(segue) Per la Sagra dei Combattenti
(24 giugno 1923)
[Inizio scritto]

      La frase che si deve vincere la pace non è un luogo comune. Racchiude una profonda verità. La pace si vince con la concordia, col lavoro, con la disciplina. Questo è il vangelo aperto dinanzi agli occhi delle nuove generazioni, che sono uscite dalle trincee, un vangelo semplice e schietto che tiene conto di tutti gli elementi, che utilizza tutte le energie, che non si abbandona a tirannia o ed esclusivismi grotteschi, perché ha dinanzi agli occhi una meta sola, una meta comune: la grandezza e la salvezza della Nazione!
      Combattenti!
      Voi siete venuti a Roma, ed è naturale, io oserei dire, fatale! Perché Roma è sempre, e domani e nei millenni, il cuore potente della nostra razza. È il simbolo imperituro della nostra vitalità di popolo. Chi tiene Roma, tiene la Nazione.
      Vi assicuro, o Commilitoni, che il mio Governo, nonostante le difficoltà aperte o larvate, terrà fede ai suoi impegni. È il Governo di Vittorio Veneto. Voi lo sentite e voi lo sapete; se non lo credeste, non sareste qui raccolti in questa piazza! Portate nelle vostre città, nei vostri paesi, nelle vostre case lontane, ma vicine al mio cuore, portate l'impressione gagliarda e formidabile di questa adunata.

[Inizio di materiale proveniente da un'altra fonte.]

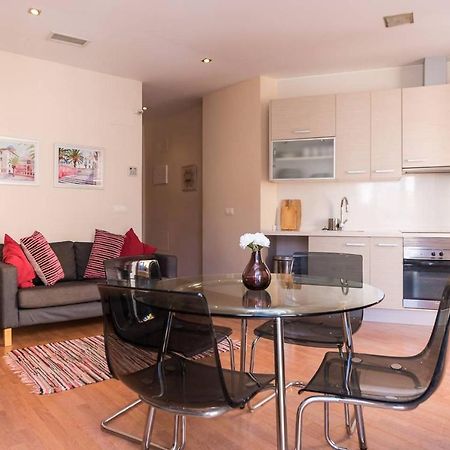 Alc - Modern 2 Bed Apartment In Historic Centre Alicante Eksteriør billede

      Tenete accesa la fiamma poiché quello che non è stato può essere: poiché se la vittoria fu mutilata una volta, non è detto che non possa essere mutilata un'altra volta. Io prendo atto della vostra promessa, del vostro giuramento. Conto su di voi come conto su tutti i buoni italiani, ma conto soprattutto su di voi, perché siete della mia generazione, perché siete usciti dal travaglio fangoso e sanguinoso della trincea, perché avete vissuto e lottato e sofferto, in cospetto della morte, perché avete compiuto il vostro dovere ed avete il diritto di rivendicare ciò che vi aspetta, non soltanto dal punto di vista materiale, ma anche dal punto di vista morale. È passato per sempre, io ve lo dico e ve lo giuro, il tempo in cui i combattenti reduci dalle trincee dovevano quasi vergognarsi; il tempo in cui si dava agli ufficiali il codardo consiglio di vestire in borghese, lutto ciò è sepolto. Non dovete dimenticare, e nessuno lo dimentichi, che sette mesi fa, 50.000 camicie nere, armate, vennero a Roma a seppellire il passato. Combattenti, commilitoni, eleviamo in cospetto del grande compagno ignoto il grido che riassume la nostra fede: Viva il Re! Viva l'Italia vittoriosa, intangibile, immortale!